Sinassario

San Ciro era un monaco nativo di Alessandria, mentre Giovanni era un soldato nativo di Edessa, in Mesopotamia. Secondo la tradizione si conobbero perché, a causa della persecuzione di quel tempo, Ciro fuggì verso il Golfo d'Arabia, dove si trovava una piccola comunità di monaci e Giovanni, a cui era giunta fama del monaco, si unì a lui. Visto che Ciro conosceva l'arte medica, per anni i due si dedicarono alla cura dei malati.

Sebbene le fonti sulla loro vita siano assai incerte, è accreditata la versione secondo la quale Ciro e Giovanni subirono il martirio per aver voluto assistere Atanasia e le sue tre figlie, Eudossia, Teodota e Teoctista; queste, infatti, erano state arrestate per la loro fede cristiana e temendo che le giovani figlie, terrorizzate dalle torture a cui sarebbero state sottoposte, rinunciassero a Cristo, si unirono a loro per sostenerle, assoggettandosi essi stessi al martirio. Furono decapitati nell'anno 303 sotto Diocleziano (secondo altre fonti il 313 o il 292).
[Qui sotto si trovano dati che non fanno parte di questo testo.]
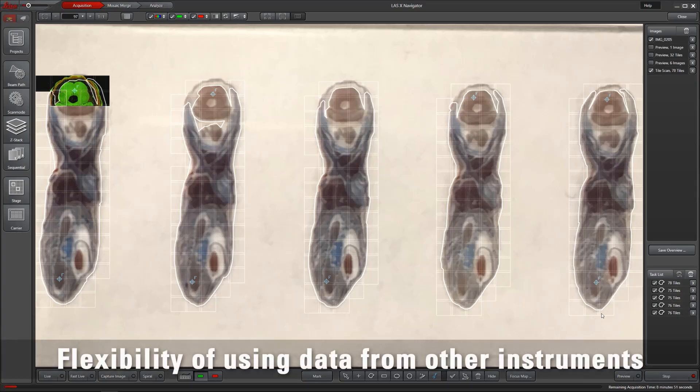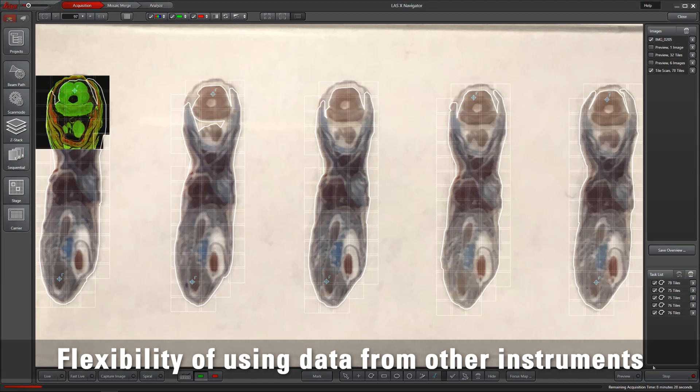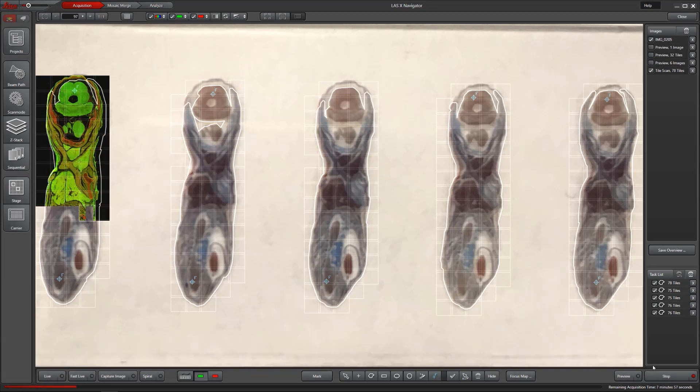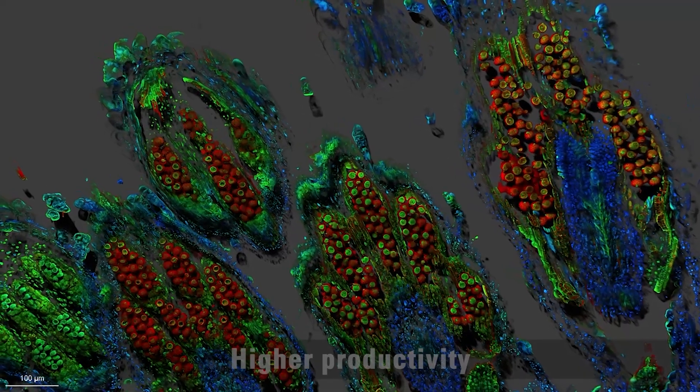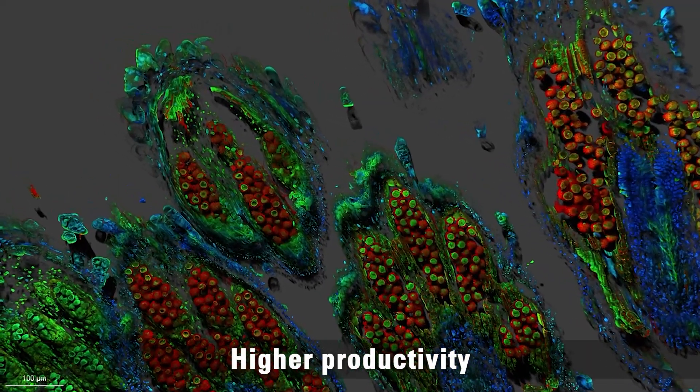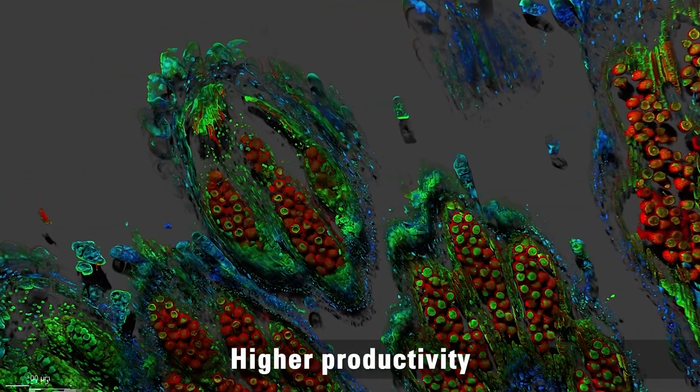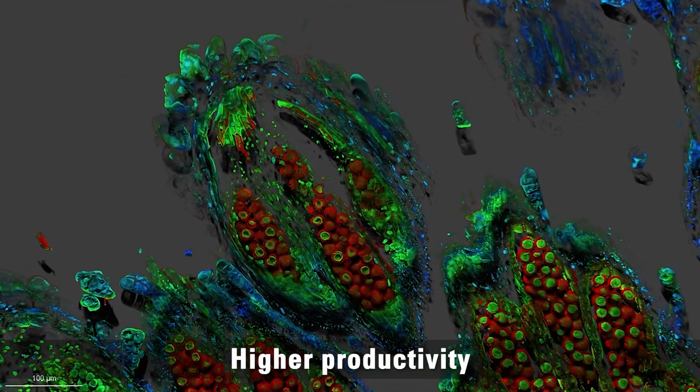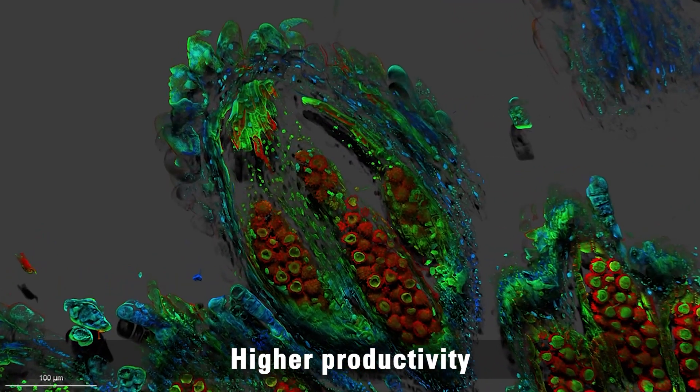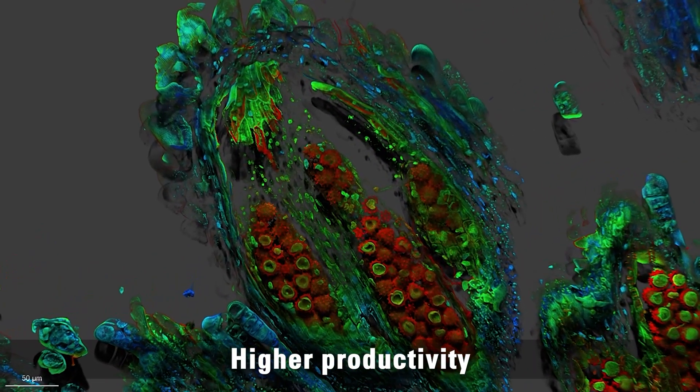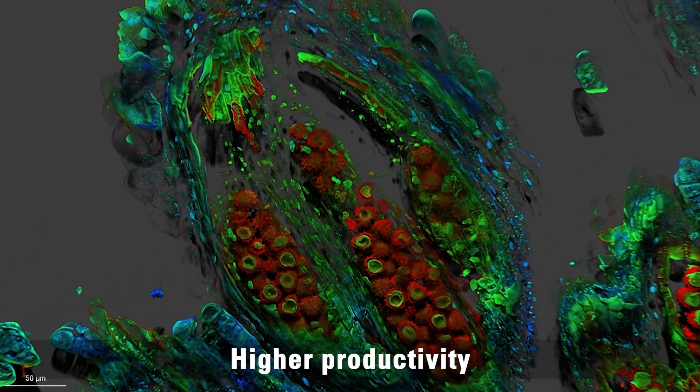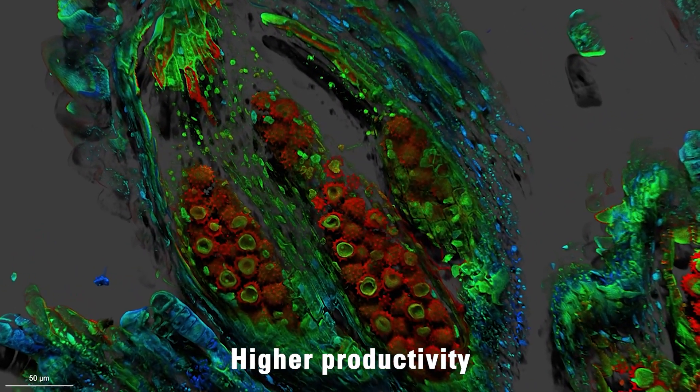The LASX Navigator user interface allows you to use images of your sample taken with other instruments. The LASX Navigator is a powerful tool that helps you get excellent research results quickly and gives you the productivity to do more.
La loro tomba divenne luogo di pellegrinaggio e di miracoli e per questo vennero soprannominati anargiri, cioè guaritori.
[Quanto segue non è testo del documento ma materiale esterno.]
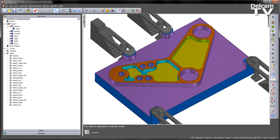This makes the process of collision avoidance much, much easier and much safer when we're going to machine our parts for real.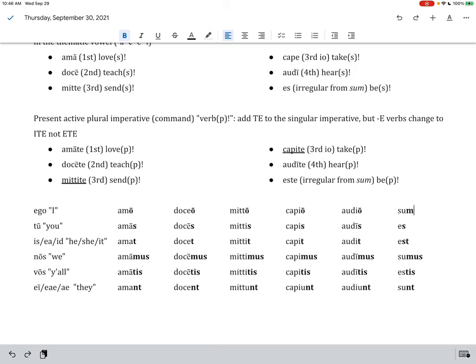So sum means I am, es is you are, est with a t is he, she, it is, sumus is we are, estes is y'all are, and sunt is they are. Well, this is just our first time through this, but hopefully a lot of this is making sense. If not, we'll just keep practicing this, and you'll eventually understand. Well, it's omnes, u squared proximum tempus. Till next time.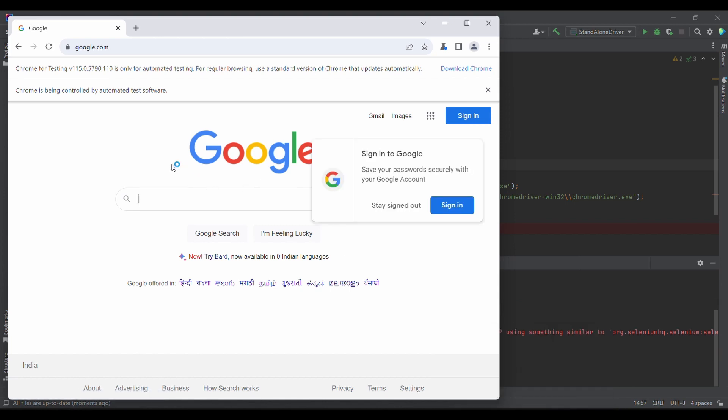At a time, two versions of Chrome can stay: the standard version which will keep on automatically updating, while this one won't update automatically. If you look at it, Chrome for Testing is only for automated testing. For regular browsing, use the standard versions of Chrome that updates automatically.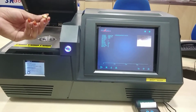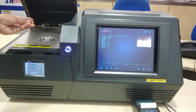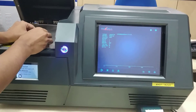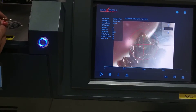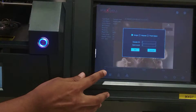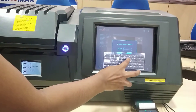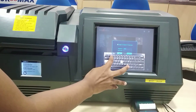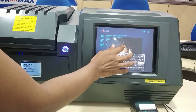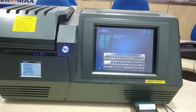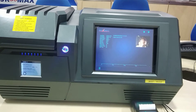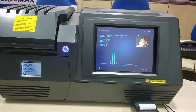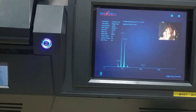Now I'm placing a jewellery piece which is 22 carat. Place it, close it, and give it a name like 'ring 1'. This test will take 25 to 30 seconds.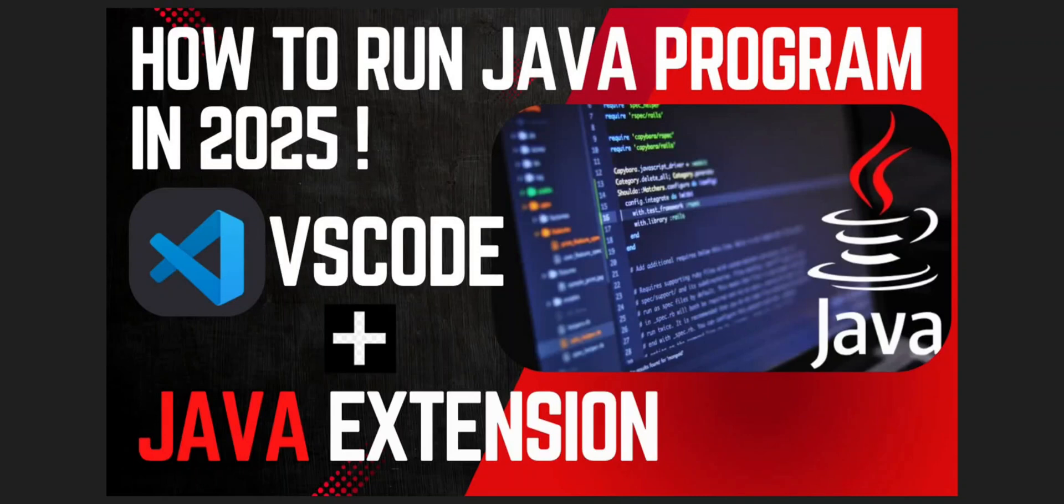How to run Java program in 2025? You only need two things: VS Code and Java extension.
(vedi anche la ricorrenza del 28 giugno)

Vangelo

Matteo 10,1.5-8

Chiamati a sé i dodici discepoli, diede loro il potere di scacciare gli spiriti immondi e di guarire ogni sorta di malattie e d'infermità.
Questi dodici Gesù li inviò dopo averli così istruiti:
«Non andate fra i pagani e non entrate nelle città dei Samaritani; rivolgetevi piuttosto alle pecore perdute della casa d'Israele. E strada facendo, predicate che il regno dei cieli è vicino. Guarite gli infermi, risuscitate i morti, sanate i lebbrosi, cacciate i demòni. Gratuitamente avete ricevuto, gratuitamente date.

Epistola

1Corinzi 12,27-13,8a

Fratelli voi siete corpo di Cristo e sue membra, ciascuno per la sua parte.  Alcuni perciò Dio li ha posti nella Chiesa in primo luogo come apostoli, in secondo luogo come profeti, in terzo luogo come maestri; poi vengono i miracoli, poi i doni di far guarigioni, i doni di assistenza, di governare, delle lingue.  Sono forse tutti apostoli? Tutti profeti? Tutti maestri? Tutti operatori di miracoli?  Tutti possiedono doni di far guarigioni? Tutti parlano lingue? Tutti le interpretano?  Aspirate ai carismi più grandi! E io vi mostrerò una via migliore di tutte.

Se anche parlassi le lingue degli uomini e degli angeli, ma non avessi la carità, sono come un bronzo che risuona o un cembalo che tintinna.  E se avessi il dono della profezia e conoscessi tutti i misteri e tutta la scienza, e possedessi la pienezza della fede così da trasportare le montagne, ma non avessi la carità, non sono nulla.  E se anche distribuissi tutte le mie sostanze e dessi il mio corpo per esser bruciato, ma non avessi la carità, niente mi giova.

La carità è paziente, è benigna la carità; non è invidiosa la carità, non si vanta, non si gonfia,  non manca di rispetto, non cerca il suo interesse, non si adira, non tiene conto del male ricevuto,  non gode dell'ingiustizia, ma si compiace della verità.  Tutto copre, tutto crede, tutto spera, tutto sopporta.  La carità non avrà mai fine.